Except they didn’t this time. Seattle stole not just Game 7 but a seven-game series from the champs and was celebrating a franchise first down the hall. So, as Colorado’s shocked locker room emptied, Makar didn’t budge from the seat of his stall — helmet neatly placed to his right, gloves still on, skates still tied. Makar always likes to get out his skates before standing for a postgame interview.
“I don’t think many guys in this room take losing very well,” Bo Byram told The Post across the room.
Then, a dejected Makar finally put words to it: “I feel like I let the guys down. I feel like I didn’t have a great series. So yeah. That’s just a tough one.”
That’s not how this happened. Makar maybe wasn’t quite at Conn Smythe level, but the biggest offense to his teammates he committed was the suspension-worthy hit on Jared McCann that forced Makar to miss Game 5. All that did was illustrate how much Colorado desperately needed him on the ice in this series.
That was the story of the 2022-23 Avalanche season and the story of its unceremonious end.

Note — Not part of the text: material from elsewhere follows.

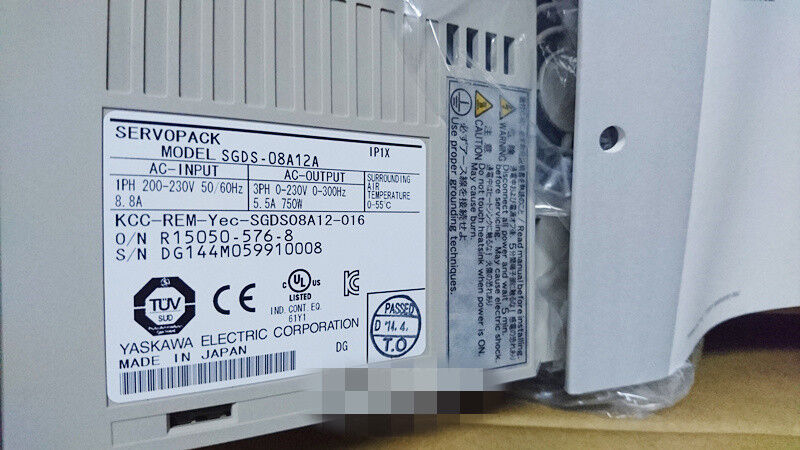 YASKAWA SGDS-08A12A SERVO DRIVE SGDS08A12A New In Box Expedited Shipping DHL / UPS / FedEx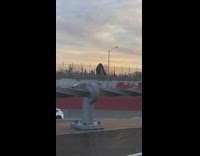 Graffiti that says kill putin on side of highway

Turns out, the over-reliance on star power that caused apprehension in January wasn’t sustainable in the heat of the playoffs.
Fifteen different Kraken players scored a goal in the first-round series, but nobody potted more than a pair. Mikko Rantanen and Nathan MacKinnon combined for 10 of Colorado’s 19 goals. The Avs outscored the Kraken 13-4 when MacKinnon was on the ice. Their Game 7 starters combined for 37 of their 52 individual points (71.2%) in the series. An Avalanche bottom-six forward never scored in seven games.
Once Valeri Nichushkin and Andrew Cogliano were gone, the Avs ran out of organizational depth to back up their core players. They finished the season with more than 450 man games lost.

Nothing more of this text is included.